Contoh Penggunaan Kata Homonim Pada Percakapan

Contoh Penggunaan Kata Homonim
Contoh Penggunaan Kata Homonim Pada Percakapan

Contoh 1 :

A : “Kau jadi berangkat besok atau minggu depan?”
B : “Belum tahu.”

Homonim terdapat pada kata “tahu” (kata kerja) yang seharusnya memiki arti mengerti, namun disalah artikan dengan kata tahu (kata benda) yang berarti makanan dari kedelai putih yang digiling halus-halus, direbus, dan dicetak. Kata tersebut memiliki penulisan dan pelafalan yang sama, namun memiliki arti yang berbeda.

Contoh 2 :

A : “Minumnya mau apa, mas?”
B : “Teh tawar.”

Homonim terdapat pada kata “tawar” (kata sifat) yang berarti tidak ada rasanya dan di salah artikan menjadi tawar (kata kerja) yang artinya negosiasi dalam transaksi jual beli.

Contoh 3 :

A : “Kau nggak ambil uang sekalian di UNS?”
B : “Nggak, ah. ada 20 atm.”

Homonim terletak pada kata “atm” yang mengacu pada satuan tekanan atmosfer, dan disalah artikan dengan mesin ATM yang merupakan singkatan dari anjungan tunai mandiri.

Contoh 4:

Dewa sedang membaca buku tentang dewa Yunani kuno.”

“Dewa” yang pertama adalah nama seseorang, yang sedang melakukan kegiatan yaitu membaca. Sedangkan “dewa” yang berikutnya adalah objek atau perihal yang menerima kerja dari subjek, yaitu entitas dewa Yunani kuno.

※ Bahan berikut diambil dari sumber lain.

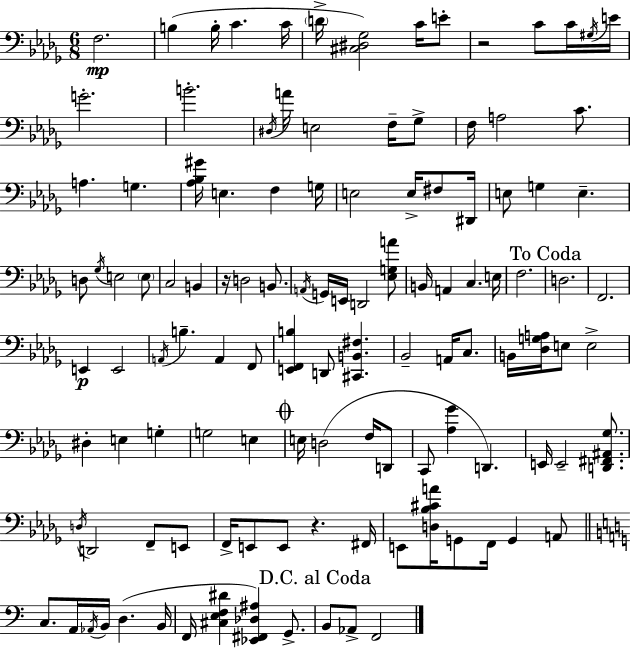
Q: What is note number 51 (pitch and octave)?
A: F3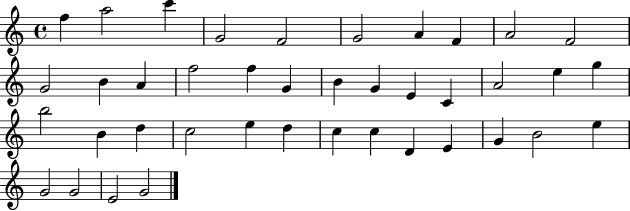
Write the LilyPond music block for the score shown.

{
  \clef treble
  \time 4/4
  \defaultTimeSignature
  \key c \major
  f''4 a''2 c'''4 | g'2 f'2 | g'2 a'4 f'4 | a'2 f'2 | \break g'2 b'4 a'4 | f''2 f''4 g'4 | b'4 g'4 e'4 c'4 | a'2 e''4 g''4 | \break b''2 b'4 d''4 | c''2 e''4 d''4 | c''4 c''4 d'4 e'4 | g'4 b'2 e''4 | \break g'2 g'2 | e'2 g'2 | \bar "|."
}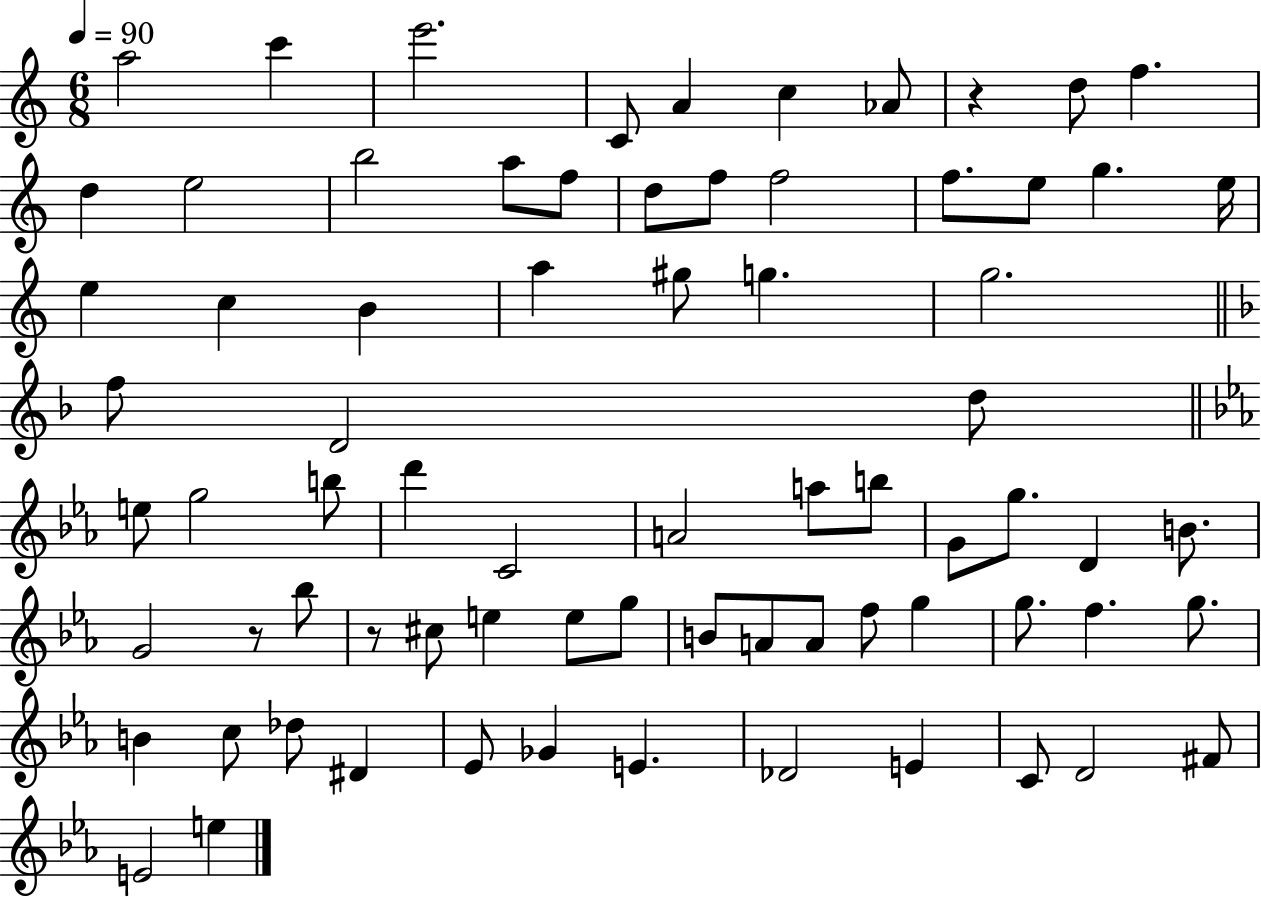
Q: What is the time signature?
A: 6/8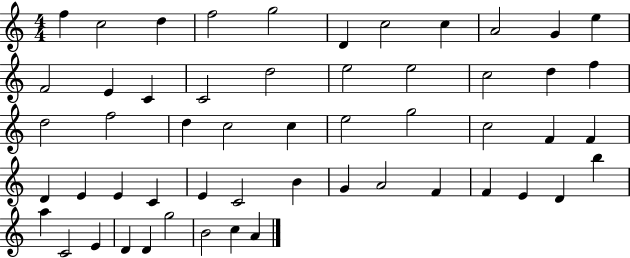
X:1
T:Untitled
M:4/4
L:1/4
K:C
f c2 d f2 g2 D c2 c A2 G e F2 E C C2 d2 e2 e2 c2 d f d2 f2 d c2 c e2 g2 c2 F F D E E C E C2 B G A2 F F E D b a C2 E D D g2 B2 c A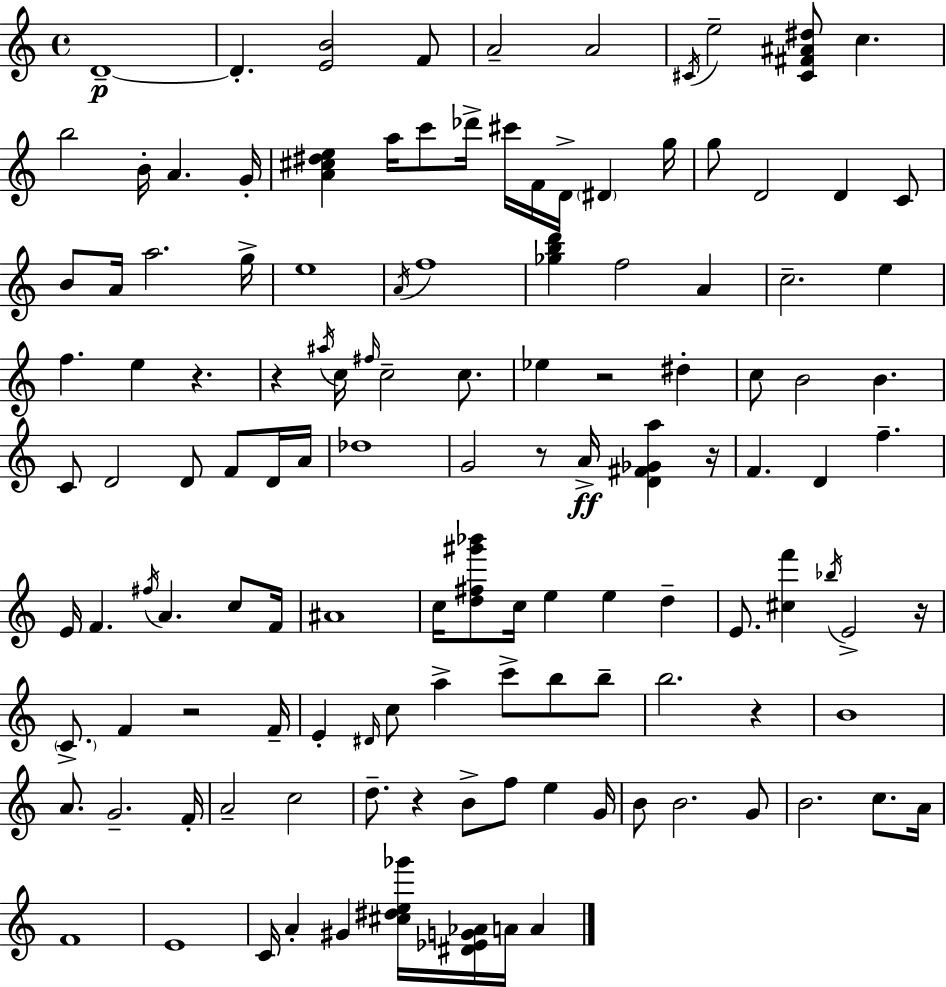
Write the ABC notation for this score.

X:1
T:Untitled
M:4/4
L:1/4
K:C
D4 D [EB]2 F/2 A2 A2 ^C/4 e2 [^C^F^A^d]/2 c b2 B/4 A G/4 [A^c^de] a/4 c'/2 _d'/4 ^c'/4 F/4 D/4 ^D g/4 g/2 D2 D C/2 B/2 A/4 a2 g/4 e4 A/4 f4 [_gbd'] f2 A c2 e f e z z ^a/4 c/4 ^f/4 c2 c/2 _e z2 ^d c/2 B2 B C/2 D2 D/2 F/2 D/4 A/4 _d4 G2 z/2 A/4 [D^F_Ga] z/4 F D f E/4 F ^f/4 A c/2 F/4 ^A4 c/4 [d^f^g'_b']/2 c/4 e e d E/2 [^cf'] _b/4 E2 z/4 C/2 F z2 F/4 E ^D/4 c/2 a c'/2 b/2 b/2 b2 z B4 A/2 G2 F/4 A2 c2 d/2 z B/2 f/2 e G/4 B/2 B2 G/2 B2 c/2 A/4 F4 E4 C/4 A ^G [^c^de_g']/4 [^D_EG_A]/4 A/4 A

Membedakan diksi homonim apalagi melalui penuturan lisan memang lebih sulit, karena banyak faktor yang mempengaruhi kita secara langsung dalam menerima pesan dari diksi tersebut, tetapi hal itu bisa dilakukan jika kita mau menyediakan waktu untuk mencerna suatu pesan dengan diksi homonim dengan seksama.

Kesimpulan:

Bahasa memiliki peran penting dalam penyampaian humor. Beberapa penggunaan ragam bahasa yang populer dalam humor adalah homonim, homofon, atau pun. Pun yang juga disebut paronomasia termasuk ke dalam bahasa gaul atau bahasa ABG yaitu ragam bahasa Indonesia non standar yang lazim digunakan oleh anak muda.

Penggunaan homonim, homofon, atau pun ini populer di kalangan pengguna media sosial khususnya mahasiswa dalam interaksi sehari-hari. Seseorang sebagai penutur dalam humor dengan kreatif menciptakan jokes menggunakan permainan bahasa. Orang lain yang berperan sebagai lawan tutur akan menanggapi jokes tersebut dengan respon tertawa setelah memahami makna yang dimaksud penutur. Hal ini menjadi bukti berkembangnya penggunaan bahasa dalam konteks kegiatan sederhana seperti bercanda.